| ENTRIES PROVIDED |
== == ==

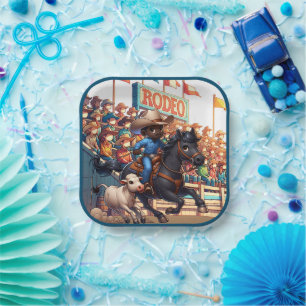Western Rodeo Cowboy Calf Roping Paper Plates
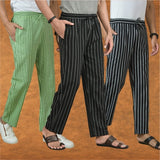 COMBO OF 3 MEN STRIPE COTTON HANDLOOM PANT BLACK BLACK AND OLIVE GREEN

== == ==

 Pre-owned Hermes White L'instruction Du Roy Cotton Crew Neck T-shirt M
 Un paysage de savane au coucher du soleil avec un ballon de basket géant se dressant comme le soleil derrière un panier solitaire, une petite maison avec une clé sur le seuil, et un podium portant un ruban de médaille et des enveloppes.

== == ==

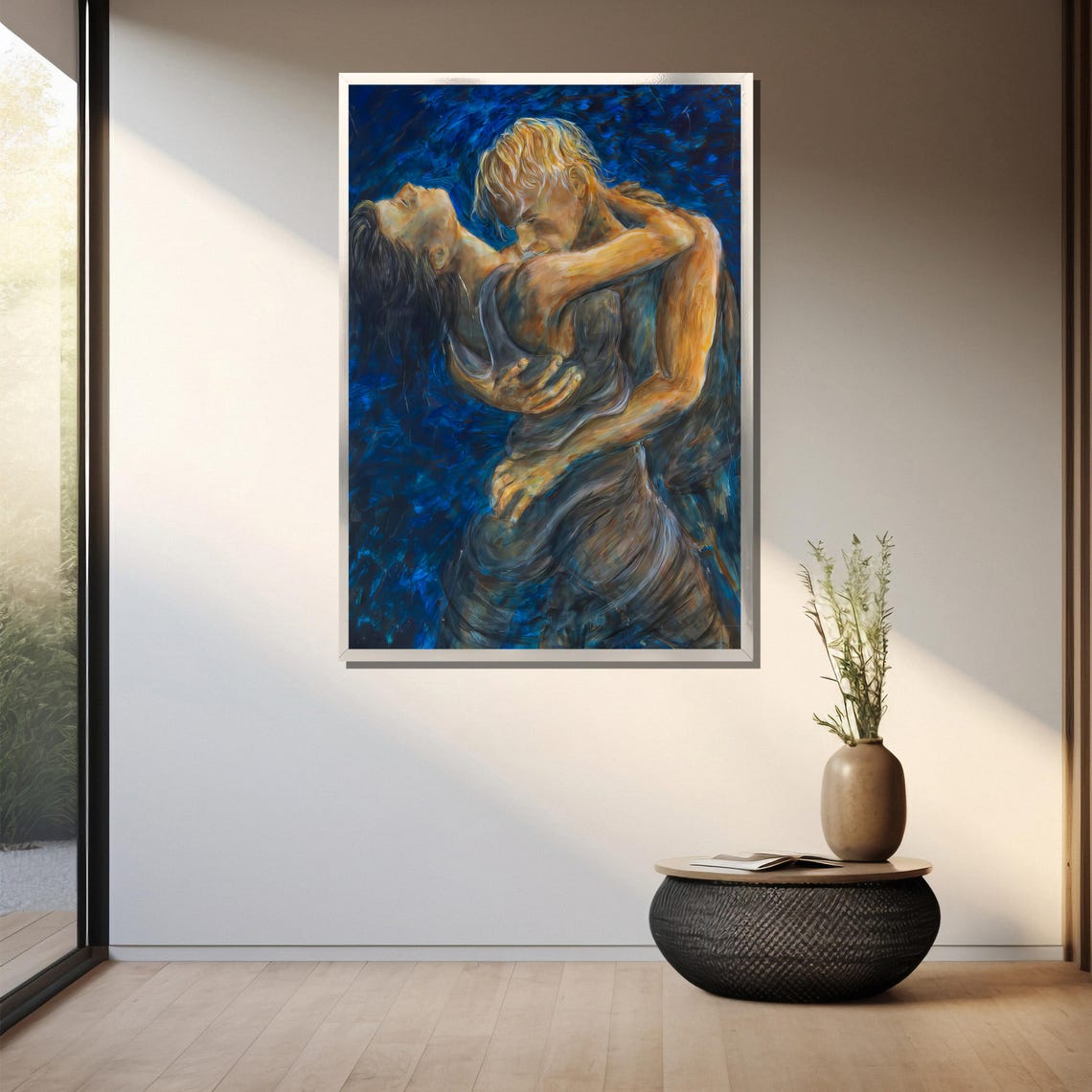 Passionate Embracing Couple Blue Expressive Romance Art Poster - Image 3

== == ==

| BRIEF |
Give back exactly the lines above from the one with "Western Rodeo Cowboy Calf Roping Paper Plates" through the one with "COMBO OF 3 MEN", both included. Pictures don't belong in the copy.

| REPLY TO THE EXERCISE |
Western Rodeo Cowboy Calf Roping Paper Plates
 COMBO OF 3 MEN STRIPE COTTON HANDLOOM PANT BLACK BLACK AND OLIVE GREEN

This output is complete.